### Problem to work on
Every entry in the data is to be written out exactly; no picture belongs in the copy.

....................

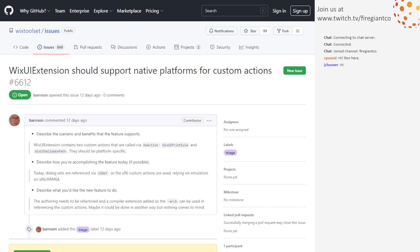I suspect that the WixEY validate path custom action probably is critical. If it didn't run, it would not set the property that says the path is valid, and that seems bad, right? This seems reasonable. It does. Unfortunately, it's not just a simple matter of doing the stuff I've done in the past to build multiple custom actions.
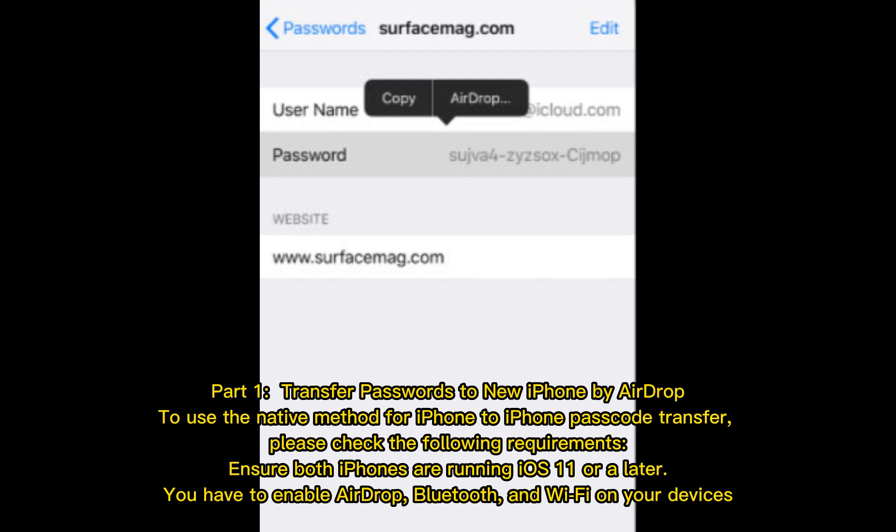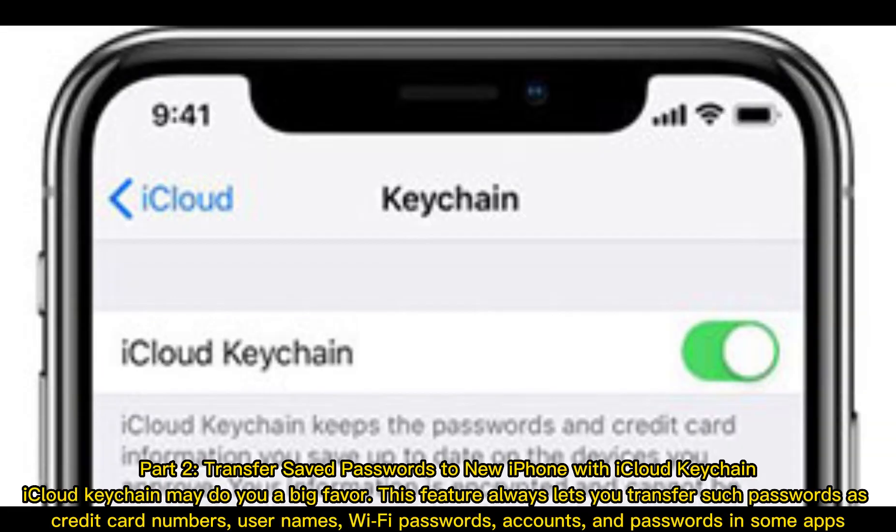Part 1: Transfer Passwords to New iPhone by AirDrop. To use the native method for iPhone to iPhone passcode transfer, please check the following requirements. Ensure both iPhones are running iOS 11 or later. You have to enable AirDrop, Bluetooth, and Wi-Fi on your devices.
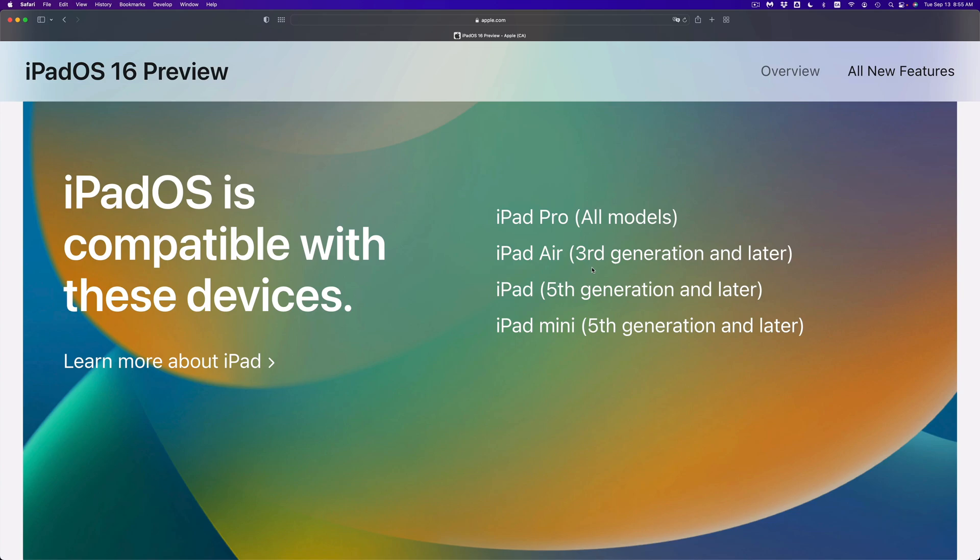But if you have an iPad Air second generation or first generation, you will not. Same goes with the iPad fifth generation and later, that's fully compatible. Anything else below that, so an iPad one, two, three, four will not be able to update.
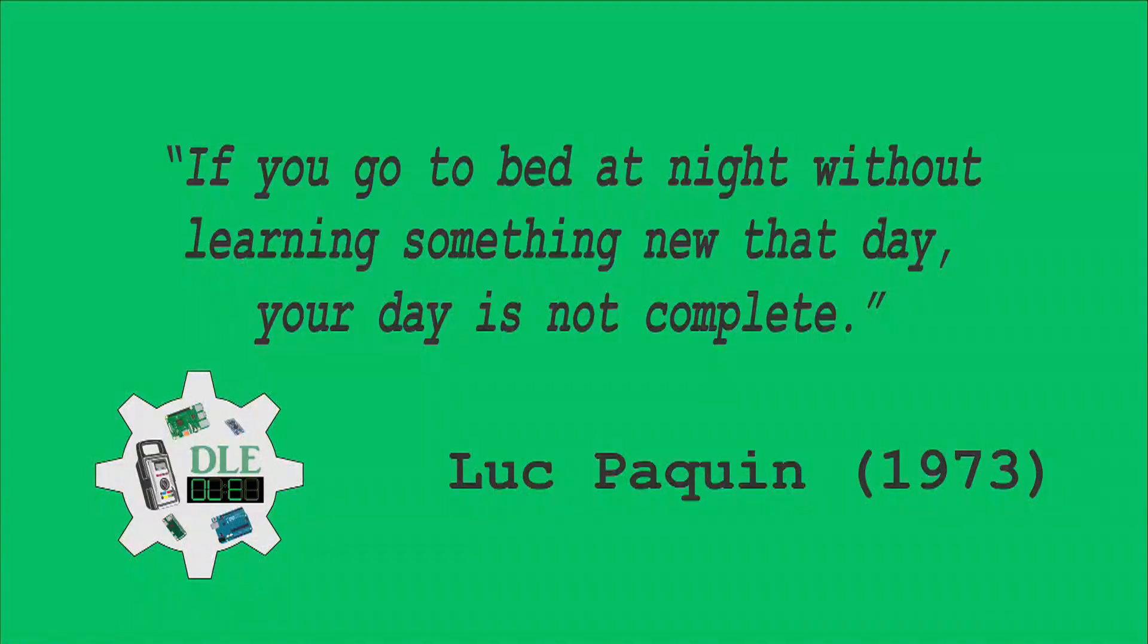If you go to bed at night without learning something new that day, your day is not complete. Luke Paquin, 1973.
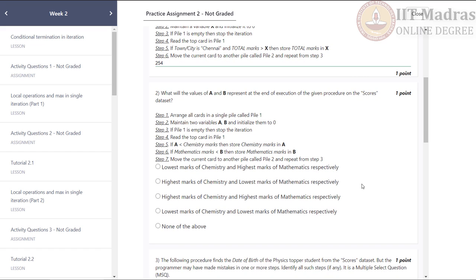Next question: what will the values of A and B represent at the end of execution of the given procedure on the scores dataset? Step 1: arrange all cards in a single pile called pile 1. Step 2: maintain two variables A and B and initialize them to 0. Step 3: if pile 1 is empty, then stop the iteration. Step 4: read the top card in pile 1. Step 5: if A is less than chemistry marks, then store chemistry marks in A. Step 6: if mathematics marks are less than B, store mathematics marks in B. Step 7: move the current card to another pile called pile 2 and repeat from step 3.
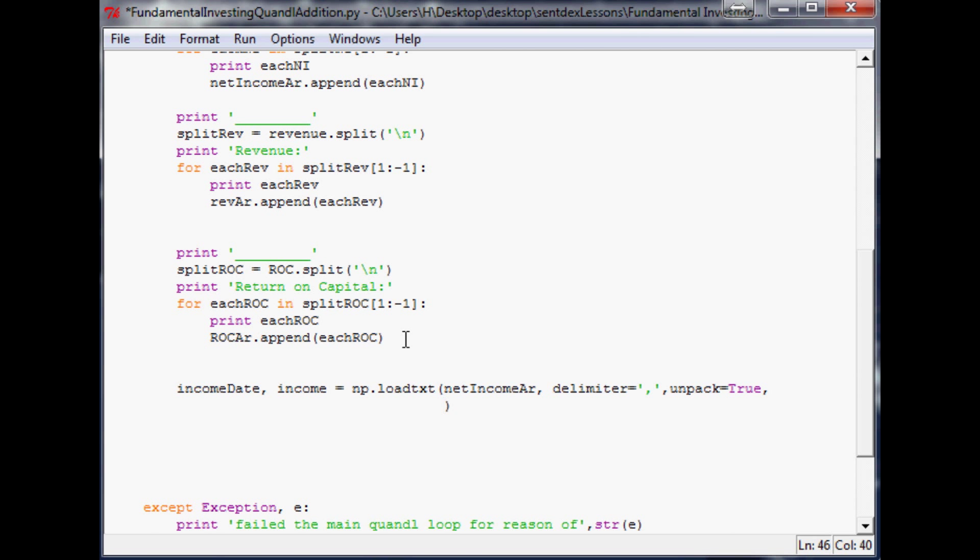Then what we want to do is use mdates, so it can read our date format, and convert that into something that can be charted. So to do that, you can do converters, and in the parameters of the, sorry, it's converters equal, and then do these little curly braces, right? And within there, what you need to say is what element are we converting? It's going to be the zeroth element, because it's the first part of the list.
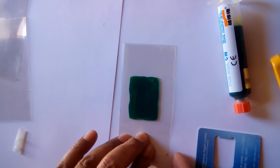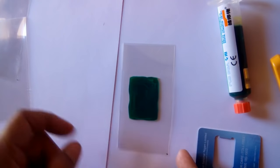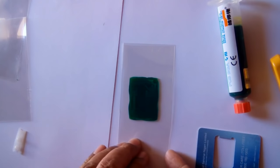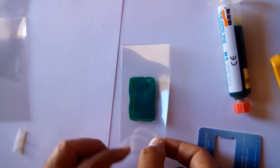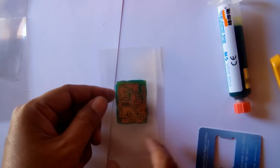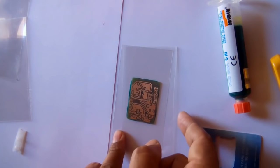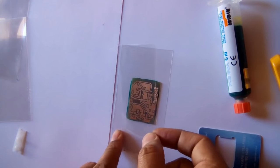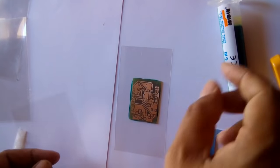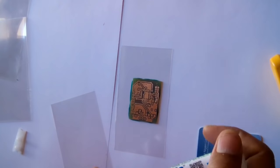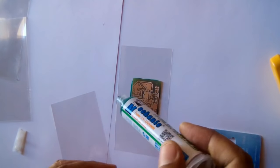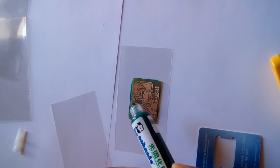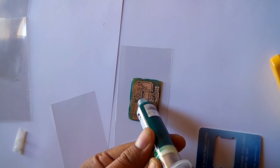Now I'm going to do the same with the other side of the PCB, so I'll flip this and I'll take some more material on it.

....................

### Reply
I suspect that the WixEY validate path custom action probably is critical. If it didn't run, it would not set the property that says the path is valid, and that seems bad, right? This seems reasonable. It does. Unfortunately, it's not just a simple matter of doing the stuff I've done in the past to build multiple custom actions.
Part 1: Transfer Passwords to New iPhone by AirDrop. To use the native method for iPhone to iPhone passcode transfer, please check the following requirements. Ensure both iPhones are running iOS 11 or later. You have to enable AirDrop, Bluetooth, and Wi-Fi on your devices.
But if you have an iPad Air second generation or first generation, you will not. Same goes with the iPad fifth generation and later, that's fully compatible. Anything else below that, so an iPad one, two, three, four will not be able to update.
If you go to bed at night without learning something new that day, your day is not complete. Luke Paquin, 1973.
Next question: what will the values of A and B represent at the end of execution of the given procedure on the scores dataset? Step 1: arrange all cards in a single pile called pile 1. Step 2: maintain two variables A and B and initialize them to 0. Step 3: if pile 1 is empty, then stop the iteration. Step 4: read the top card in pile 1. Step 5: if A is less than chemistry marks, then store chemistry marks in A. Step 6: if mathematics marks are less than B, store mathematics marks in B. Step 7: move the current card to another pile called pile 2 and repeat from step 3.
Then what we want to do is use mdates, so it can read our date format, and convert that into something that can be charted. So to do that, you can do converters, and in the parameters of the, sorry, it's converters equal, and then do these little curly braces, right? And within there, what you need to say is what element are we converting? It's going to be the zeroth element, because it's the first part of the list.
Now I'm going to do the same with the other side of the PCB, so I'll flip this and I'll take some more material on it.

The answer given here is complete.